L'artista ha raffigurato un evento ipotetico noto come una super kilonova flare.
Astronomi: AT2025ulz è il candidato principale per la prima 'Super-Kilonova'
Modificato da: Uliana S.
La comunità astronomica sta dedicando grande attenzione all'evento AT2025ulz, che si profila come il primo esempio osservativo di una cosiddetta 'super-kilonova'. Questo fenomeno teorico rappresenta la fusione catastrofica di due processi cosmici distinti: l'esplosione di una supernova e la successiva kilonova. L'evento è stato rilevato il 18 agosto 2025, suscitando interesse iniziale grazie al segnale S250818k, captato dagli osservatori di onde gravitazionali LIGO e Virgo.
Il segnale gravitazionale suggeriva la coalescenza di oggetti compatti. Ciò che ha spinto la ricerca in direzioni inattese è stata la massa di almeno uno dei corpi, risultata sorprendentemente bassa. Questa anomalia ha portato gli scienziati a ipotizzare la fusione di due stelle di neutroni con massa sub-solare, un'eventualità rara e affascinante.
A poche ore dalla rilevazione gravitazionale, lo Zwicky Transient Facility (ZTF), operante presso l'Osservatorio di Palomar, ha identificato una debole luminescenza rossa in rapido decadimento. Questa emissione luminosa si trovava a circa 1,3 miliardi di anni luce dalla Terra. Inizialmente, la risposta ottica ricordava la kilonova GW170817, l'evento che nel 2017 ha fornito la prova definitiva della creazione di elementi pesanti, come l'oro.

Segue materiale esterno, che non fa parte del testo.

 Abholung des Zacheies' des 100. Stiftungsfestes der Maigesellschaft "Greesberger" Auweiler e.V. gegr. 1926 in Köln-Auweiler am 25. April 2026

Tuttavia, l'evoluzione di AT2025ulz ha preso una piega inattesa: l'oggetto è diventato più luminoso e si è spostato verso lo spettro blu, caratteristiche tipiche di una supernova a collasso del nucleo con involucro spogliato (stripped-envelope core-collapse supernova).
Mensi Kasliwal del California Institute of Technology (Caltech), che ha guidato lo studio pubblicato su The Astrophysical Journal Letters, ha evidenziato come la sequenza temporale degli eventi – prima un segnale da kilonova e subito dopo l'impronta di una supernova – giustifichi l'introduzione del termine 'super-kilonova'. Un gruppo teorico, che include Brian Metzger della Columbia University, propone un modello alternativo: l'evento potrebbe essere iniziato con una supernova che ha generato due stelle di neutroni di nuova formazione, insolitamente piccole. Queste due stelle di neutroni sub-solari potrebbero essersi fuse quasi immediatamente, producendo il bagliore rosso iniziale della kilonova, in parte oscurato dall'espansione dei detriti della precedente esplosione di supernova.
David Reitze, Direttore del Laboratorio LIGO, ha sottolineato l'importanza cruciale dei dati sulla massa, i quali confermano che almeno uno degli oggetti coinvolti è inferiore alla massa tipica di una stella di neutroni standard. I teorici ipotizzano che stelle di neutroni sub-solari possano originarsi dalla frammentazione di una stella che ruota molto velocemente o dalla disintegrazione del disco di materia circostante durante il collasso. Sebbene AT2025ulz si presenti come un candidato estremamente convincente, i ricercatori mantengono la prudenza, affermando che la teoria della super-kilonova è ancora da confermare in modo definitivo.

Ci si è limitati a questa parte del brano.